İnmeleri yolunda kuleden ve Eskişehir BHHM’den gelen bütün uyarılara rağmen toplam 8 pilotun uçtuğu altılı kol Ankara’ya doğru yoluna devam edecekti. 181. Filo Komutanı Binbaşı Ahmet Özdemir, savcılık ifadesinde uyarılara neden uymadıklarını anlatırken, “(Komutan) Deniz Kartepe kalkın ancak size durma ya da geri dönme talimatı gelse de Akıncı Üssü’ne devam edin, talimatları dinlemeyin dedi” diyerek kendisini savunacaktı.
Diyarbakır Ana Jet Üssü Komutanı Tuğgeneral Deniz Kartepe, o sırada Eskişehir’deki BHHM’nin komutanı olan Hava Korgeneral Mehmet Şanver’in kızının düğünü için İstanbul’da Moda Deniz Kulübü’ndeydi. Bu talimatı muhtemelen ya İstanbul’a gitmeden önce ya da düğün sırasında telefonla vermişti.
*
Dikkat çekici olan 181 ve 182. filoların binbaşı rütbesindeki her iki komutanı Ahmet Özdemir ve İbrahim Yozgat’ın da fiilen bu işin içinde olmalarıydı. Daha da dikkat çekici gözüken, üs personelinden olmayan, Eskişehir BHHM’de görevli Kurmay Yüzbaşı Yavuz İstek’in de Diyarbakır’a gelip buradaki pilotlarla birlikte bu darbe operasyonunda görev almış olmasıydı. Üstelik İstek, altılı kolun ilk havalanan birinci uçağında önde oturuyordu, bu konumuyla altılı kolun lideri olarak uçuyordu.
Tuhaf bir başka unsur daha var. Yavuz İstek, 14 Temmuz perşembe akşamı Diyarbakır’a Hava Kuvvetleri Komutanlığı Genel Sekreterliği’nde görevli Albay Ali Durmuş ile birlikte gelmişti. Ali Durmuş’la ikisini havaalanında 15 Temmuz’da altılı kolda uçan pilotlardan Binbaşı İbrahim Yozgat karşılamıştı. Durmuş, ertesi sabah Ankara’ya dönmüş ve darbe gecesi Akıncı Üssü’ndeki 143. Filo’da ortaya çıkmıştı. Güvenlik kamerası kayıtları, Durmuş’u o gece 143. Filo’nun koridorunda yürürken gösteriyor.

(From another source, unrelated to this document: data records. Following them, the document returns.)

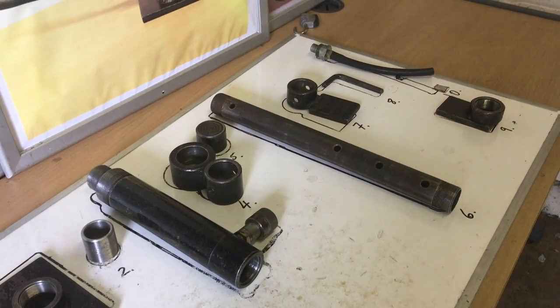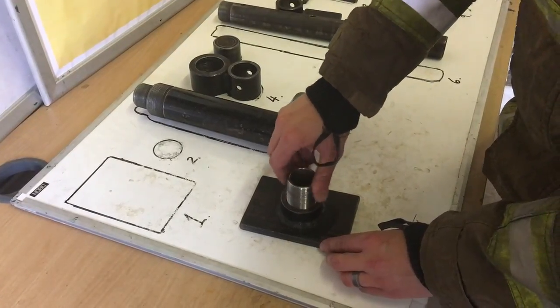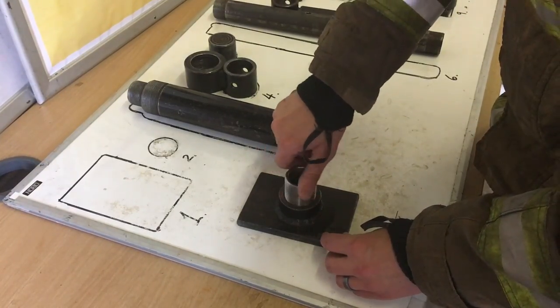Equipment Assembling. The Equipment Assembly Test is designed to assess manual dexterity. There is a time limit to complete this test. To complete the test successfully, you will need to assemble and then disassemble the equipment in the correct manner and sequence.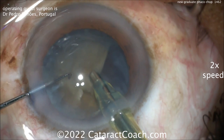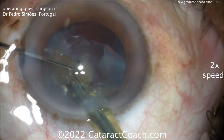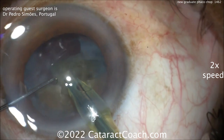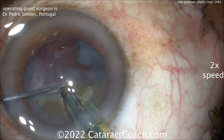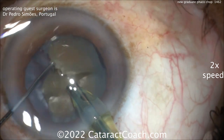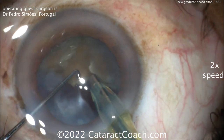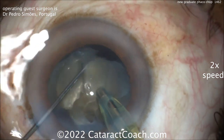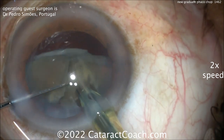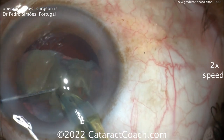This is very impressive — this is a very talented young surgeon. You can certainly learn Faco Chop as well; it just takes a little bit of practice. How do you get into it if you've only done Divide and Conquer? Well, the first step is to go to Stop and Chop — create one groove down the middle, make your two halves, bring up each half, and you can try to chop each half more at the iris plane. Now look there — you see a nice little dense endonucleus right there in the very center. That's where the most amount of density is. So chopping this more — if you don't get the initial chop, that's okay. Just take your time, reposition the lens, and then you can buzz it again. That's the densest part right there.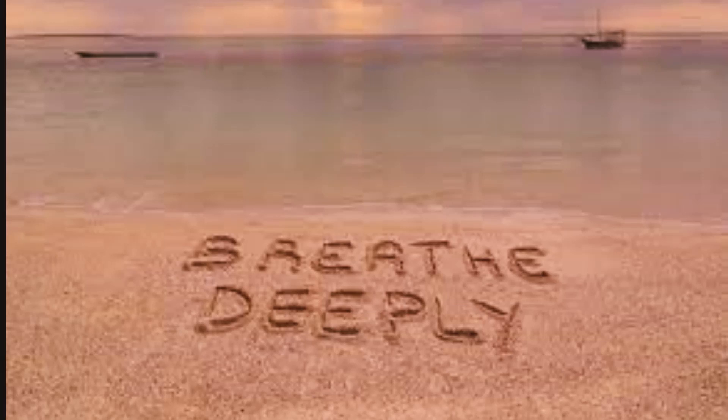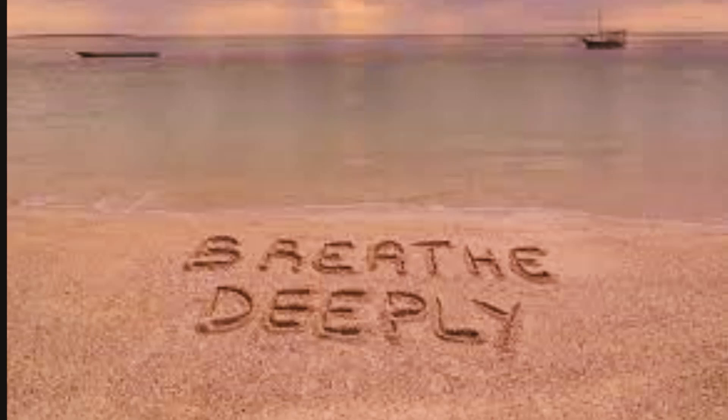Now place one hand on your stomach and the other hand on your chest to maintain the depth and rhythm of breathing.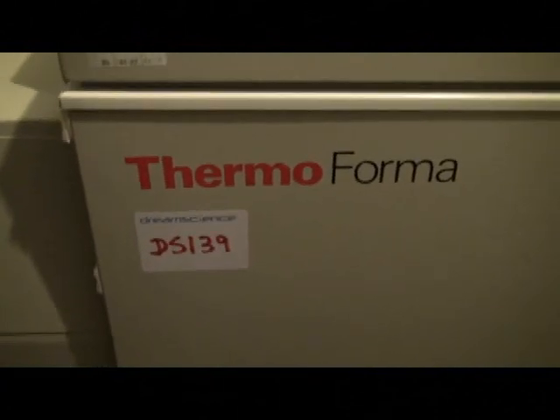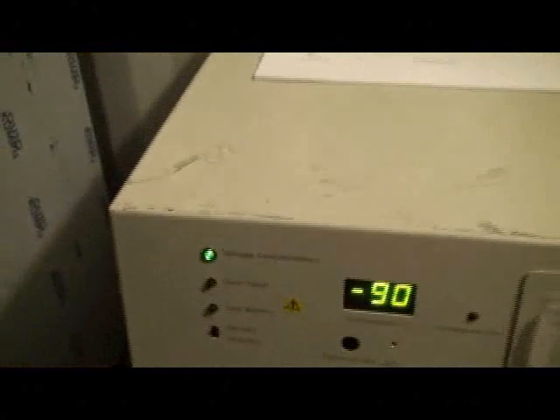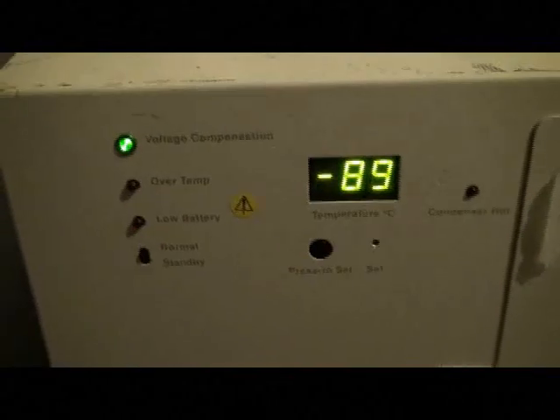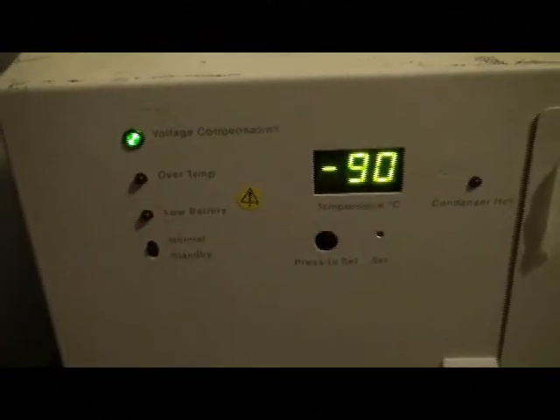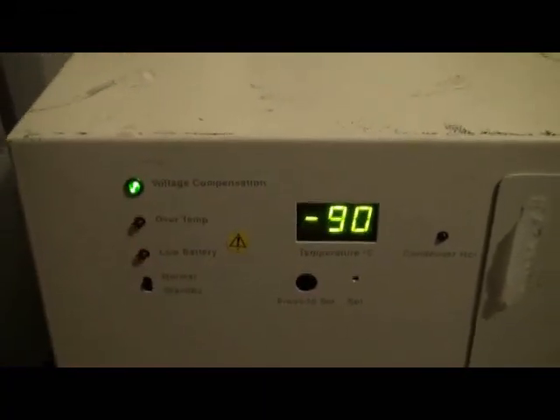This is lot number DS139, DreamScience Thermoforma Chest Freezer, on test at the moment. It's gone down to minus 89 / minus 90. Press the button — set point minus 90, holding minus 90.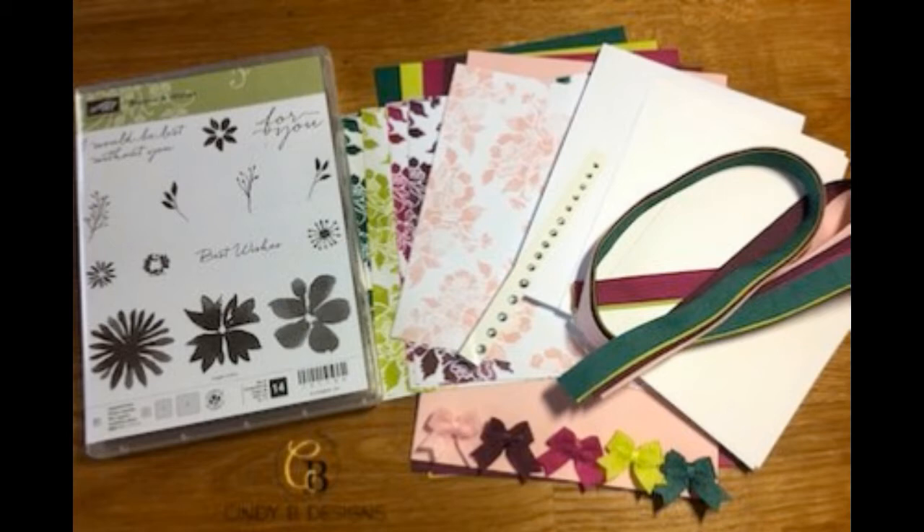With shipping included, you're getting a very good deal and you'll be able to make a ton of cards. Around July 15th I'll also be sending all of you a second video with a private link showing another project you can make with the materials, with or without the ink pads. I hope you'll take advantage of this kit — please check cindybdesigns.com under the July 2017 card kit tab for the PayPal links. Thank you so much and God bless.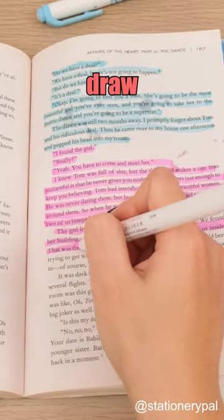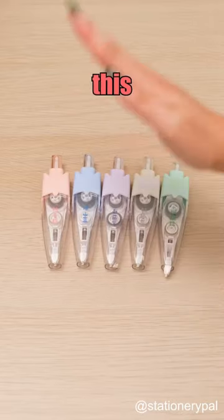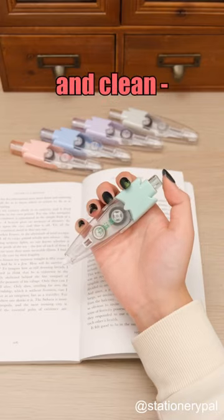Why do you put paper towels underneath when you draw highlights? Because my highlighters are too watery. Switch to this decorative highlighter tape — it's efficient and clean.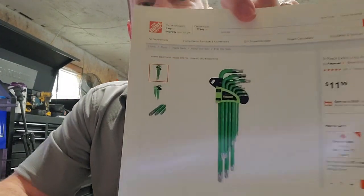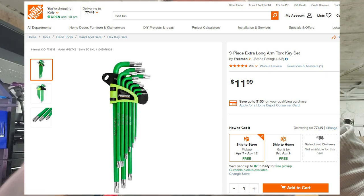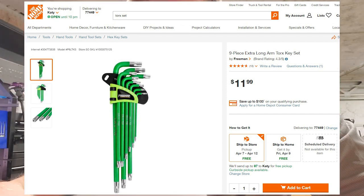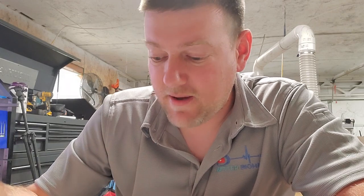We also cannot forget a full Torx set, because although the precision screwdrivers include Torx, sometimes you need to apply extra torque — that's why I prefer the L-shape. This set has a green texture on the handles, which differentiates them from your Allen keys and gives you a better grip when wearing gloves or when your hands are slippery. These flip out for easier access to the wrenches behind. They go from T10 all the way up to T50, because some equipment does use large Torx heads. It's a nine-piece extra-long Torx set at $11.99 — you really can't go wrong.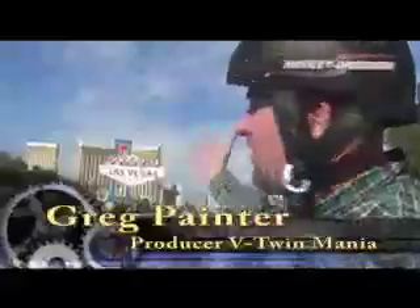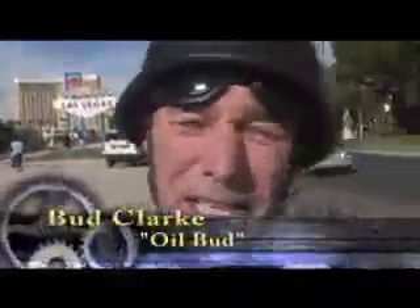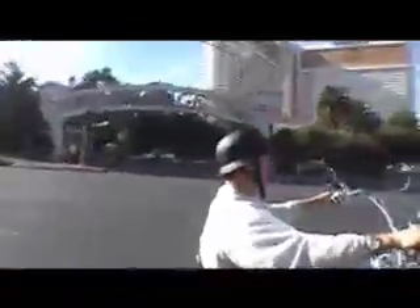We're in downtown Las Vegas, and Bud Clark and I are doing a little testing on Buddy's oil coolers. I just got a patent on a new oil cooler that's revolutionary in design. Both bikes are side-by-side in the blistering heat of downtown Las Vegas, stop-and-go traffic. His bike with his oil coolers runs at 35 degrees cooler than mine — oil temperature.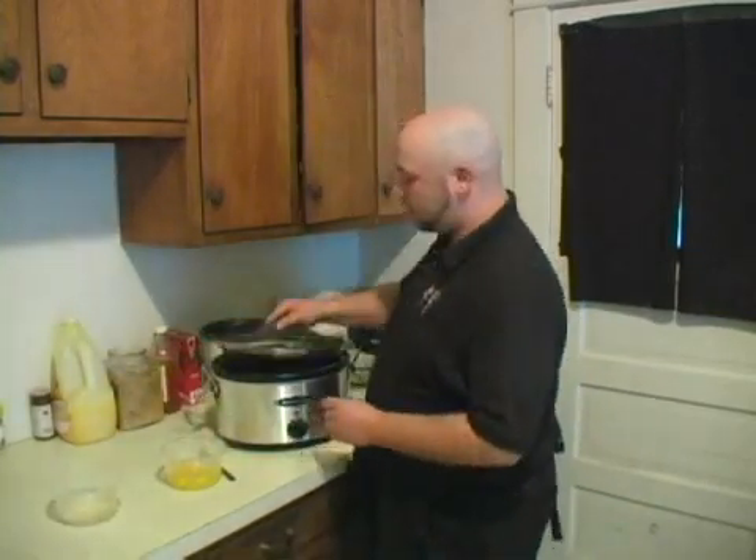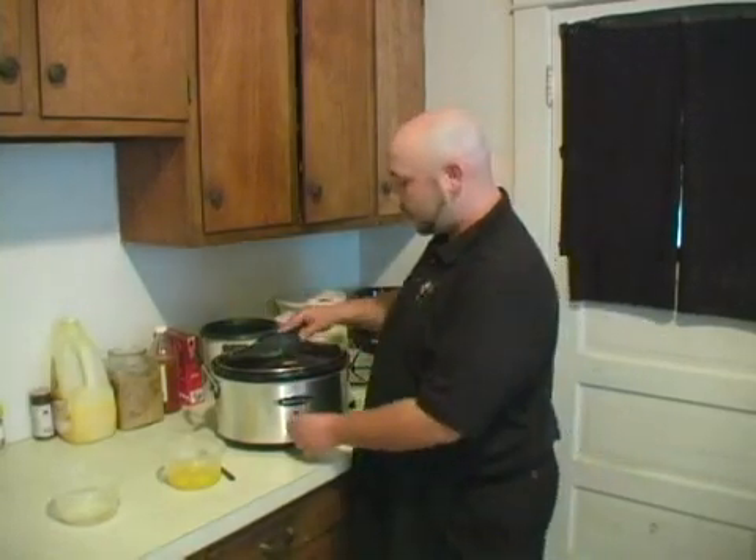We're going to let this cook overnight, or you can do it when you go to work and then come back. This would be a good side dish or just a good hearty meal. You let the chicken cook for about five to six, maybe seven hours on low.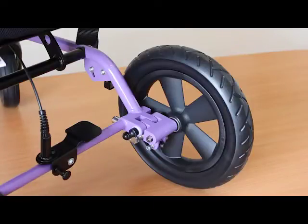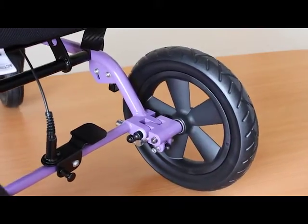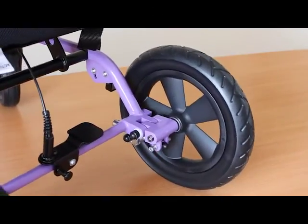One of the unique features on the Corgi Sprint is the independent suspension. Each wheel has its own mechanism so that when going across rough ground, the strain is taken up as you can see.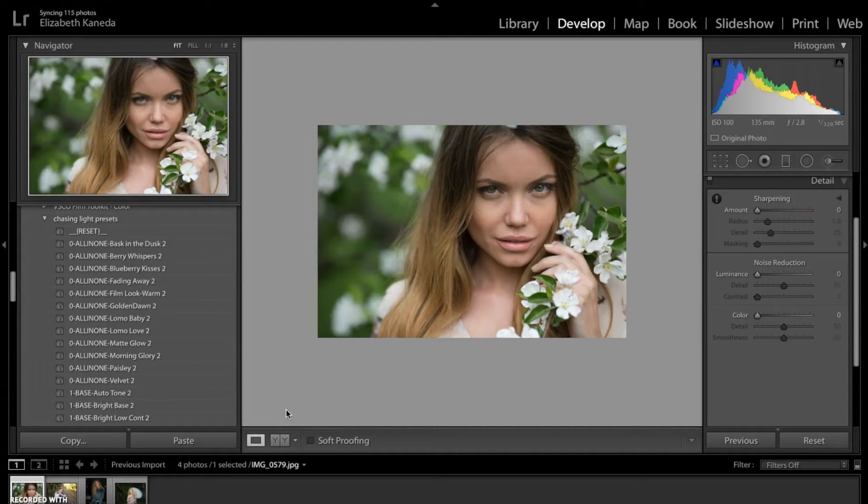Hi guys, this is Liz Kaneda from Sleek Lens. Today I'm going to go over how to use the Chasing Light workflow to add light and color to your portraits to make your subject stand out.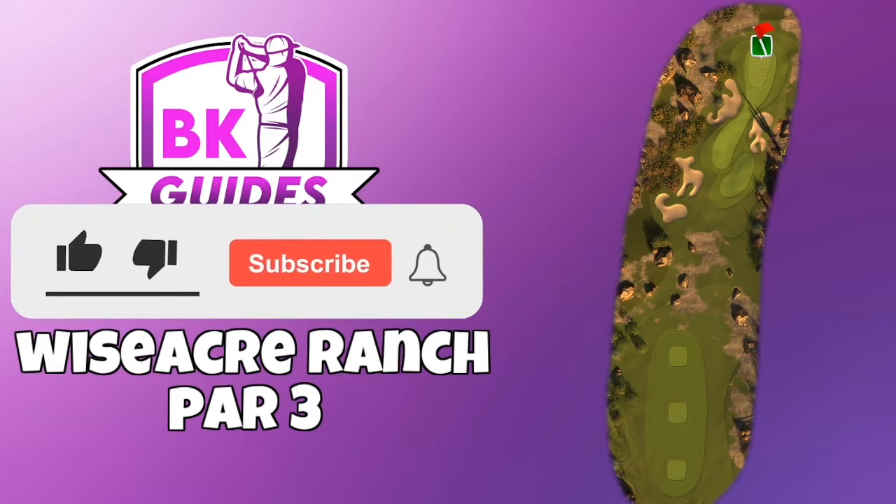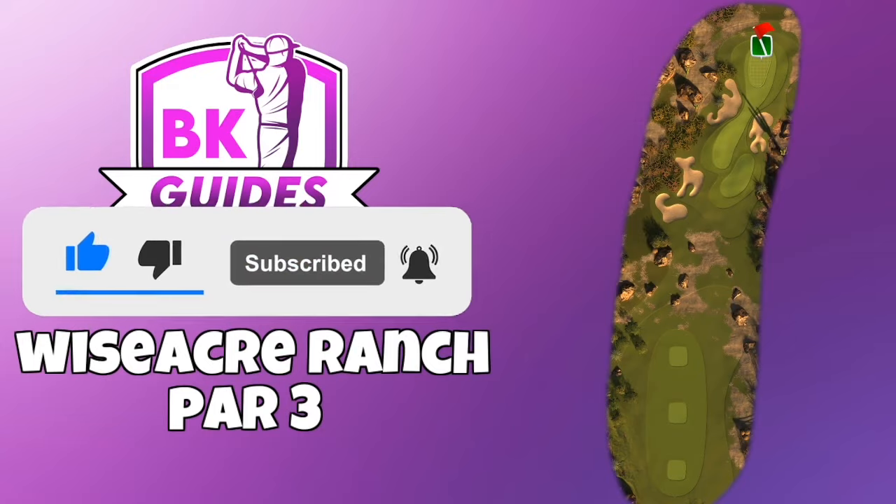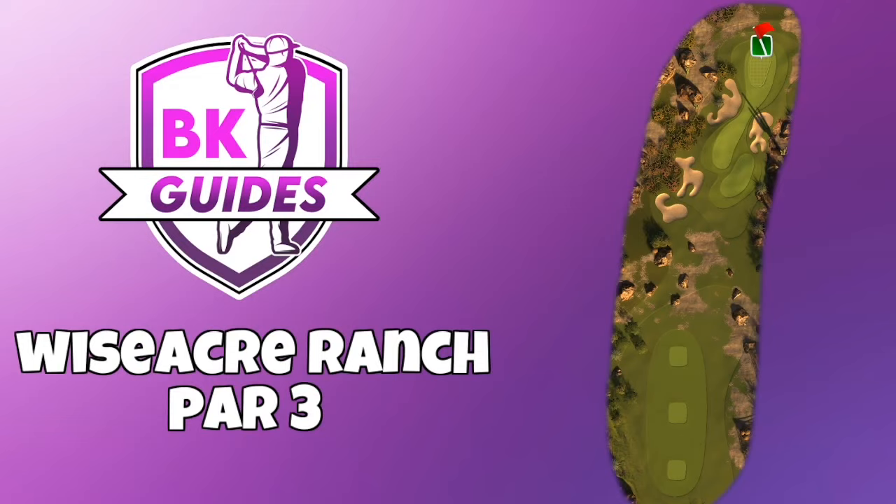Before we look at this lovely hole-in-one, don't forget to hit thumbs up on the video and make sure you subscribe to the channel as well. There are lots of useful links in the video description down below.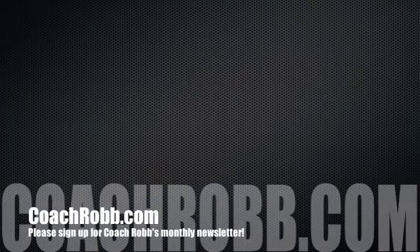Please give this a shot in your next run and see what it does for your efficiency and your endurance. If you have any questions, please visit us at CoachRobb.com.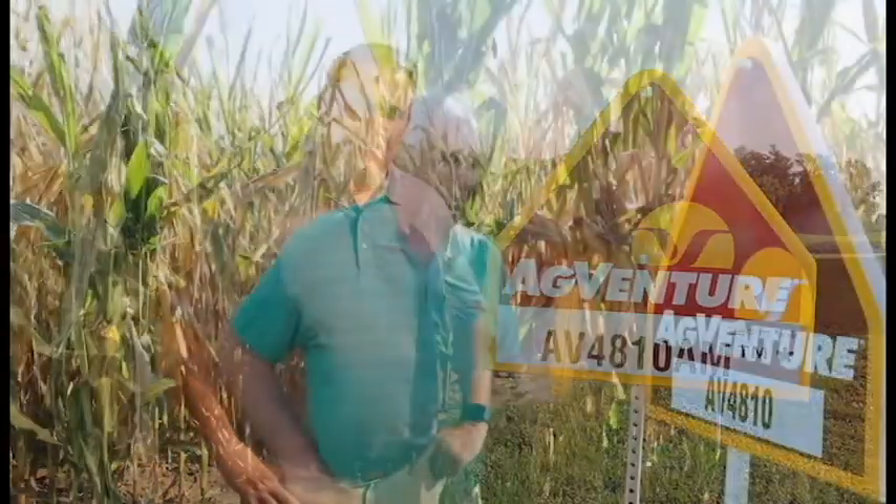We're here in front of AgVenture 4810 — a 110-day product with a very nice statured plant and a lot of plant mass. I think it can go dual purpose when using it for silage, and it also has very nice grain quality and very good test weight. This product is going to be looked at quite a bit, but I think it's also going to be overlooked because it's such a good workhorse type hybrid.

Uçaklar daha sonra Ankara’ya yaklaşırlarken alçaldılar, kentin üstünden süratle geçerek havadan estirilen terörü daha da alevlendirdiler.
Pilotlar, 24.00’ü geçtikten sonra Akıncı Üssü’ne iner inmez doğruca darbenin operasyon merkezi 141. Filo’ya katıldılar. Akıncı Üssü’ne ilişkin iddianamede bu pilotlardan ikisinin daha sonra yeniden kalkarak Ankara üzerinde uçuş yaptığı, iki pilota ise İstanbul üzerinde uçma görevi verildiği belirtiliyor.
Fatih Şen
*
İddianameye göre, İstanbul üzerinde uçan pilotlardan birincisi Yüzbaşı Fatih Şen. Saat 02.10’da 94-0077 numaralı mühimmat yüklü F-16 uçağıyla Akıncı’dan kalkış yapan Fatih Şen, İstanbul’a giderek alçaktan uçtu, ses hızını geçti, çok sayıda dalış yaptı ve ardından saat 04.05’te Akıncı Üssü’ne indi.
İkinci pilot Yüzbaşı Erdem Erdoğan da 02.10’da 93-0689 kuyruk numaralı mühimmat yüklü F-16 ile kalkarak İstanbul’a gitti. O da Fatih Şen gibi kent üzerinde alçaktan uçtu, çok sayıda dalış yaparak, ses hızını geçti. Erdoğan, saat 04.50’de Akıncı Üssü’ne indi. Bu durumda 2 saat 40 dakika havada kaldığı anlaşılıyor.
Erdem Erdoğan
İddianamedeki bu bilgiler, büyük ölçüde Hava Kuvvetleri Komutanlığı’nın görevlendirdiği bilirkişilerin uçakların radarlarda bıraktıkları izler ve diğer teknik veriler üzerinden yaptıkları değerlendirmelere dayanıyor.
Askeri bilirkişilerin tespitlerine karşılık, her iki pilot da İstanbul’a uçmadıklarını ve filoda kaldıklarını söylüyor.